LEED certification of the Human Services Center was based on a number of green design and construction features that positively impact the project itself and the broader community. These features include:
- Energy efficient lighting (motion sensors)
- Low-emitting materials, adhesives, paints and flooring
- EnergyStar rated equipment and appliances
- Long Term Lease (+10 years)
- 23.32% of total building materials used recycled materials
- Thermal comfort monitoring
Warren G. Stambaugh Human Services Center
The facility was named in honor of Warren G. Stambaugh, who served in the Virginia General Assembly from 1973 until his death in 1990. Throughout his career, Stambaugh fought for the rights of persons with mental and physical disabilities and for services and opportunities to assist them. His dedication to equal opportunity for all was illustrated by his successful two-year effort to secure passage of the Virginians with Disabilities Act. This comprehensive “civil rights” bill for persons with disabilities guarantees the rights of all disabled citizens to employment, housing, education, transportation, public accommodations, and needed services.
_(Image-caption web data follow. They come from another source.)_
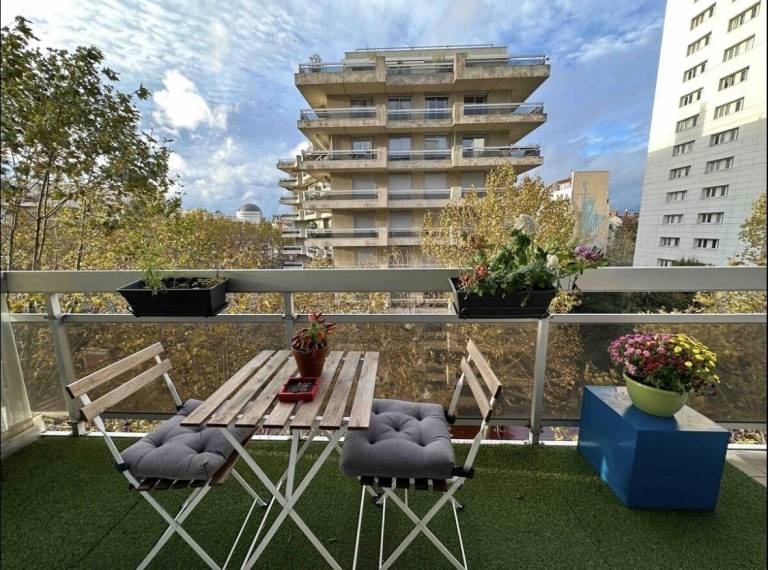 Appartement  Bois-Colombes
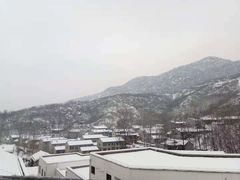 -黄金寨原生态旅游区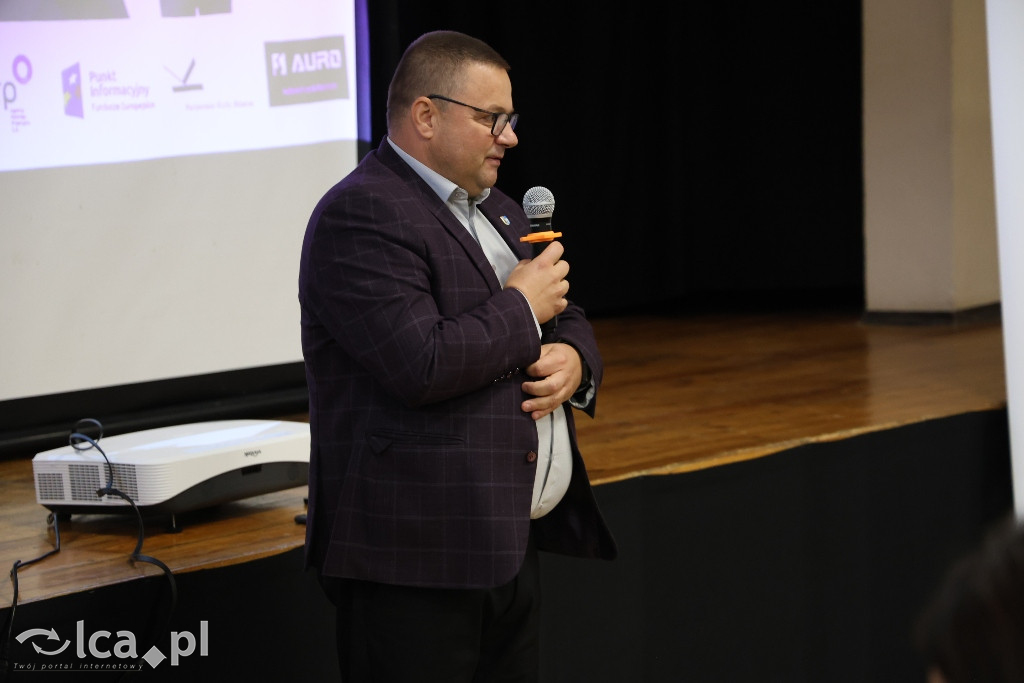 „Rozwiń Skrzydła” – spotkanie w gminie Kunice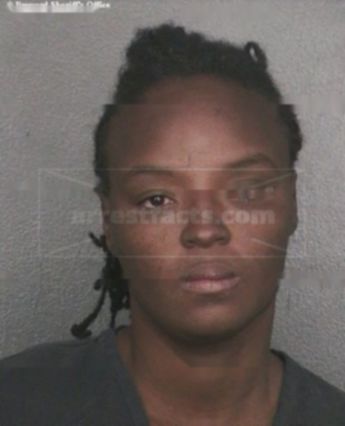 Ciscely Andrea Mack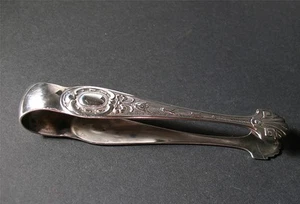 Pinza per zucchero stile liberty WMF n. 316 - Foto 1 di 5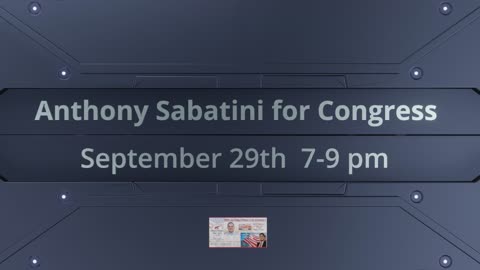 Support Anthony Sabatini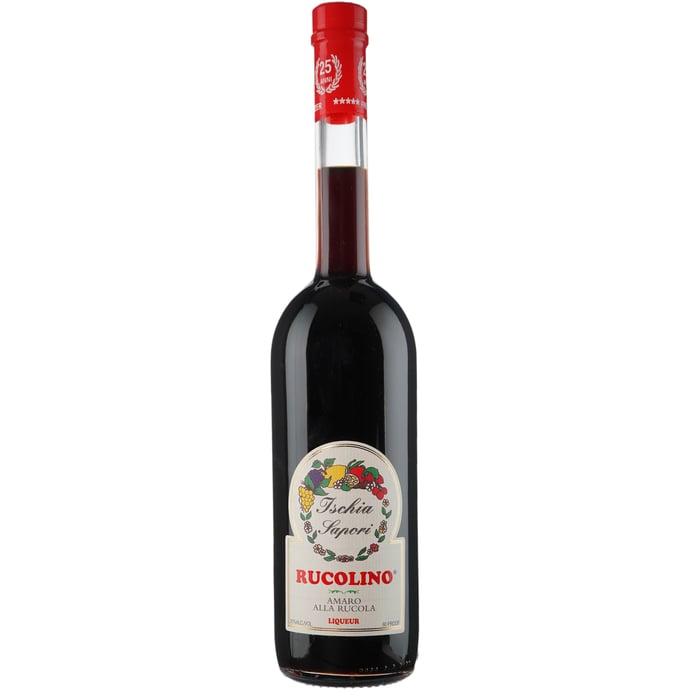 Rucolino Amaro Ischia Sapori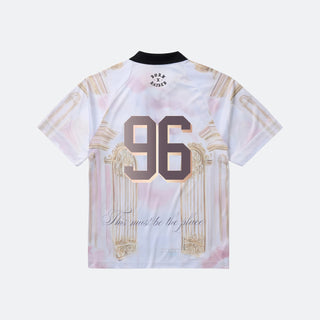 Born x Raised Heaven Soccer Jersey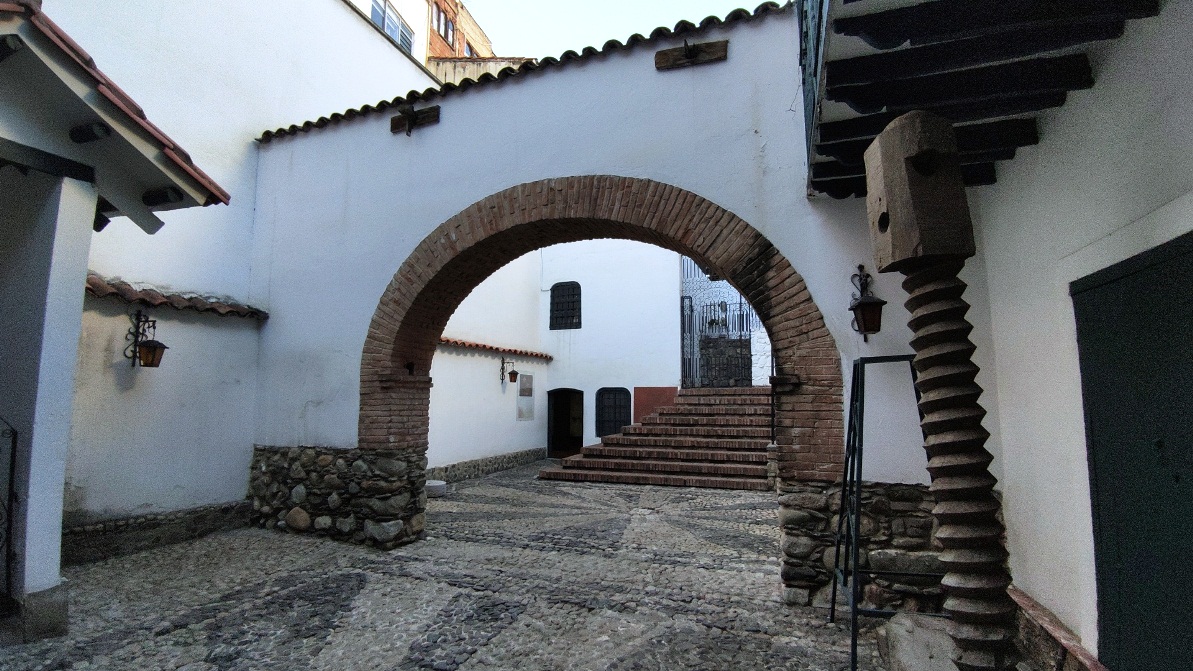 Museo de Metales Preciosos Precolombinos  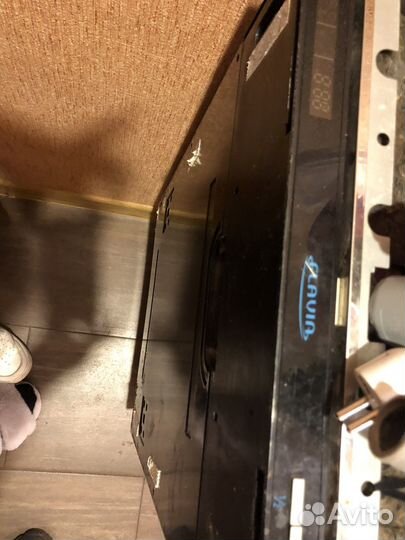 Посудомоечная машина flavia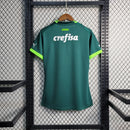 Camisa Palmeiras Home 2023/24 Torcedor Feminina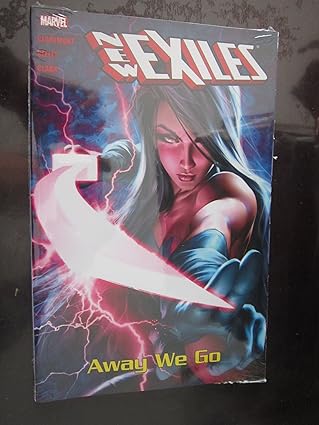 New Exiles 4: Away We Go   TP 2009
The Human Services Center is located at 2100 Washington Blvd. in the Penrose Neighborhood. DHS provides and promotes essential community services through five main divisions: Economic Independence, Child and Family Services, Public Health, Aging and Disability Services, and Behavioral Healthcare. The Human Services Center also features the Arlington Employment Center, the region’s only Comprehensive One-Stop Workforce Center and one of only seven in the state.
U.S. Green Building Council
The Washington, D.C.-based U.S. Green Building Council is committed to a prosperous and sustainable future for our nation through cost-efficient and energy-saving green buildings. With a community comprising 80 local affiliates, more than 18,000 member companies and organizations, and more than 155,000 LEED Professional Credential holders, USGBC is the driving force of an industry that is projected to contribute $554 billion to the U.S. gross domestic product from 2009-2013. USGBC leads an unlikely diverse constituency of builders and environmentalists, corporations and nonprofit organizations, elected officials and concerned citizens, and teachers and students.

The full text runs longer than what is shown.